Data extracted from a collection:
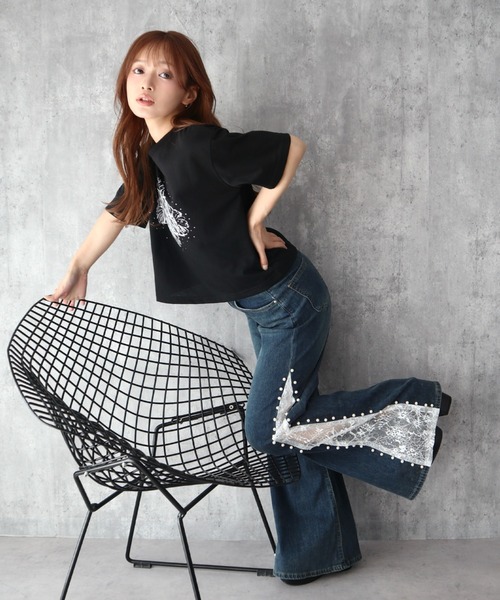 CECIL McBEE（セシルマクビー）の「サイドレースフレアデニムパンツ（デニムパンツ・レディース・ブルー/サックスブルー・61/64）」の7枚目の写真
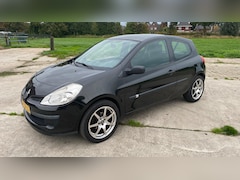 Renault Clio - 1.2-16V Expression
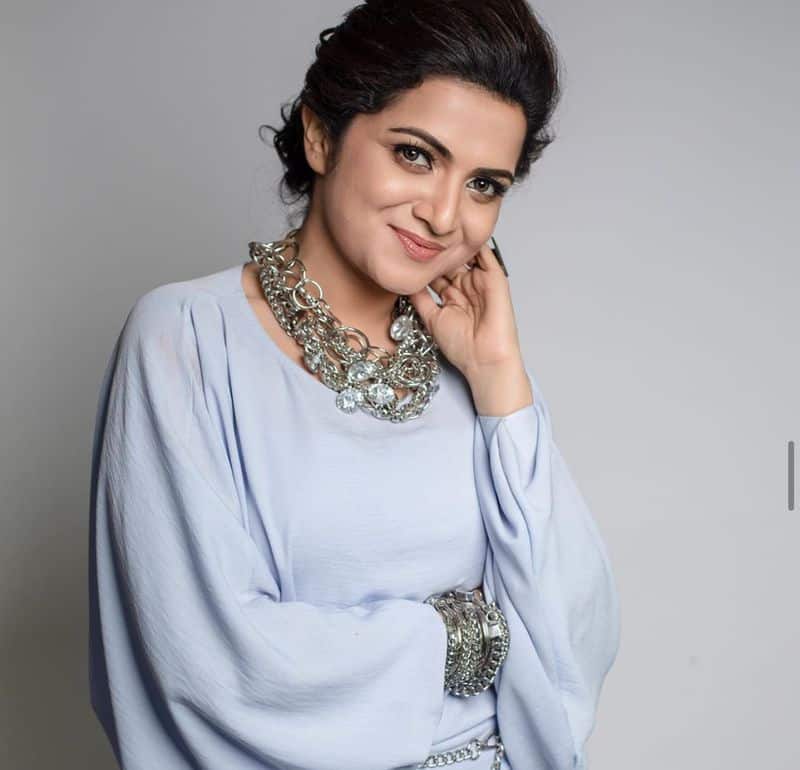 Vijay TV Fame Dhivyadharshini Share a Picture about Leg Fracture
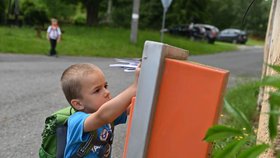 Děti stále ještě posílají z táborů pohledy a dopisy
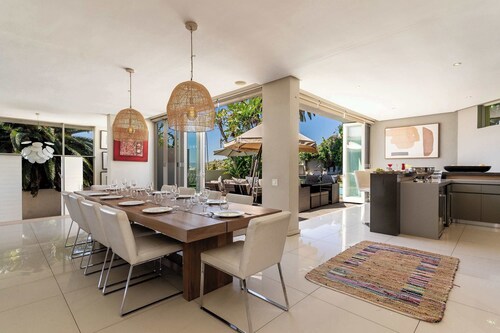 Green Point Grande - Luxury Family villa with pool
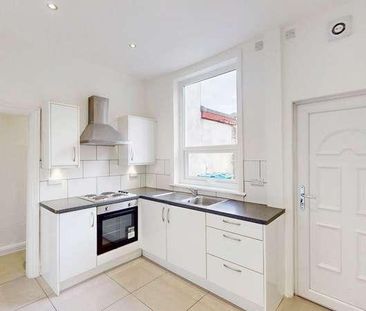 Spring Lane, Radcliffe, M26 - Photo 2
* * *
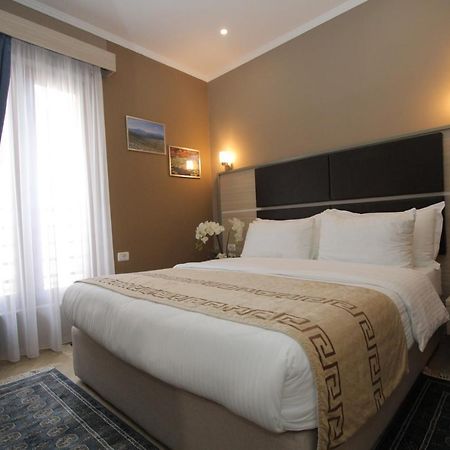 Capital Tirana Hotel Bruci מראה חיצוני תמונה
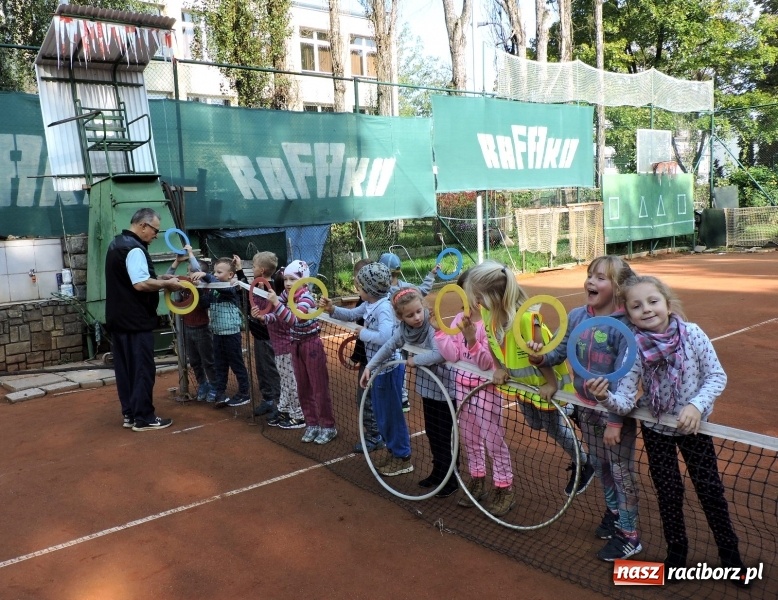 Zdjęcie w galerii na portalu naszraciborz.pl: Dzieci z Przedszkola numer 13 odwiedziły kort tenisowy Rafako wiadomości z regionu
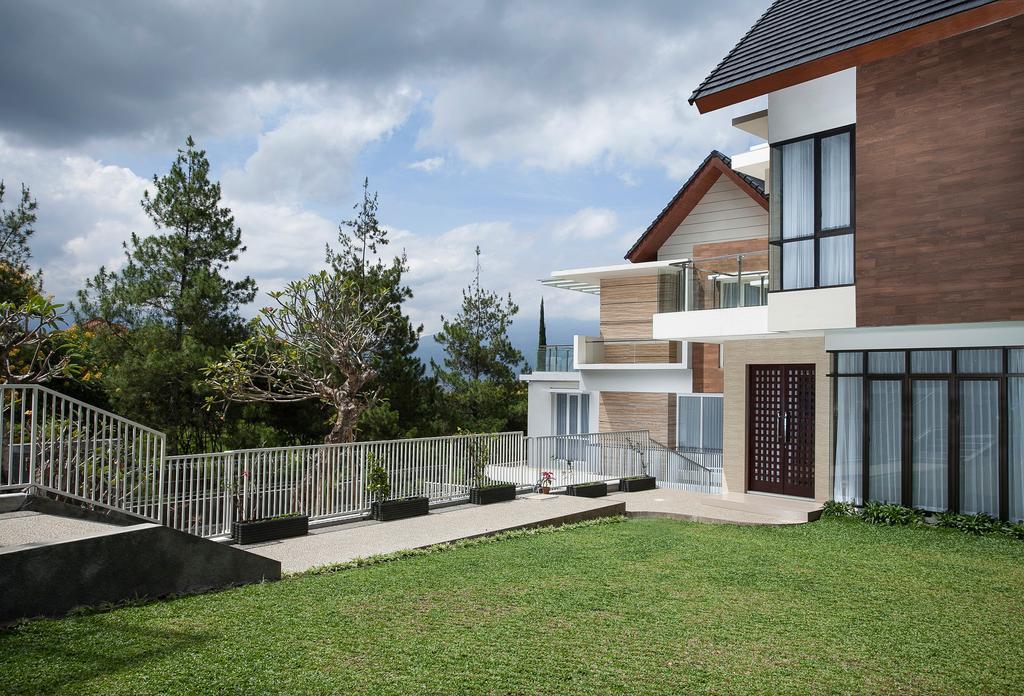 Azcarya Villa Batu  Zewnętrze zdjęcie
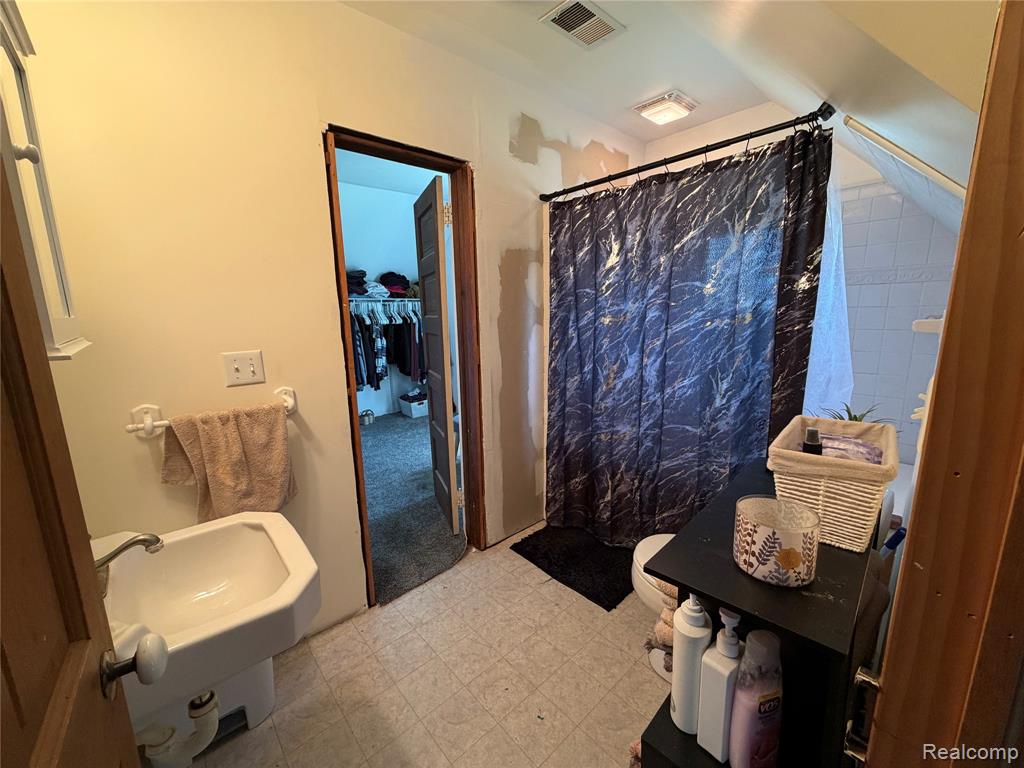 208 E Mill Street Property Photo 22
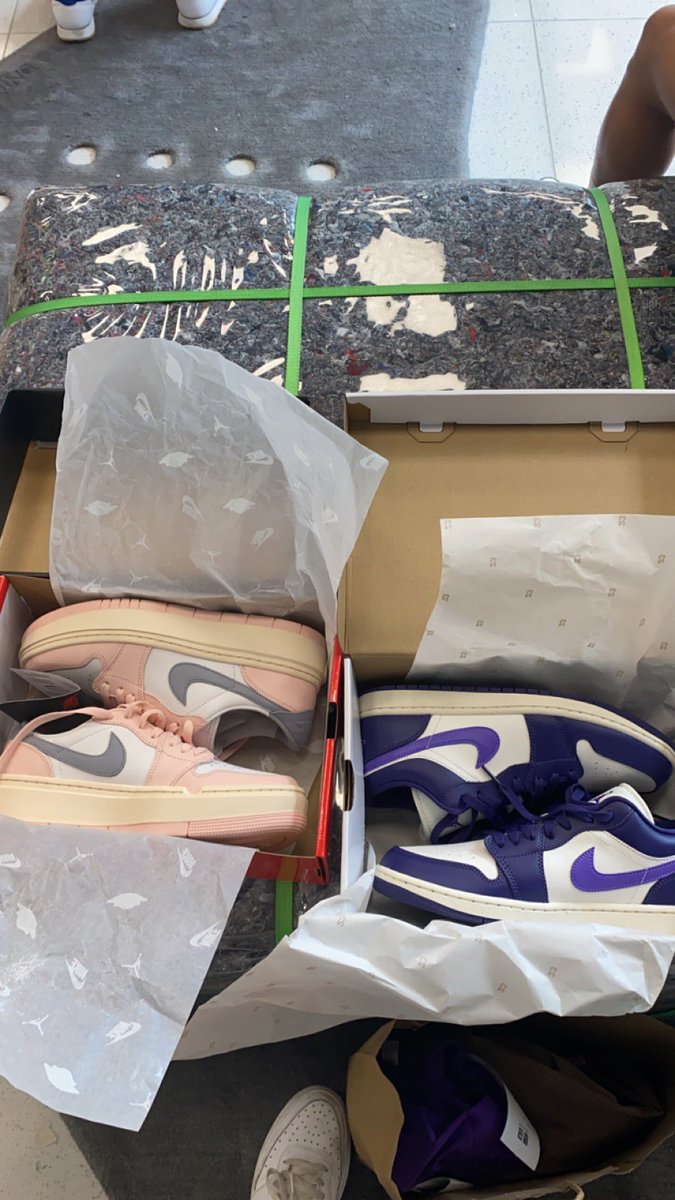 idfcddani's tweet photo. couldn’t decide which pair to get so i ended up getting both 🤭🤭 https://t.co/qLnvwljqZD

(AIM OF THE TASK):
Exactly as written above, retype the lines starting at the one holding "208 E Mill Street Property Photo 22" and ending at the one holding "idfcddani's tweet photo.", both included, but not the pictures.

(ANSWER TO THE EXERCISE):
 208 E Mill Street Property Photo 22
 idfcddani's tweet photo. couldn’t decide which pair to get so i ended up getting both 🤭🤭 https://t.co/qLnvwljqZD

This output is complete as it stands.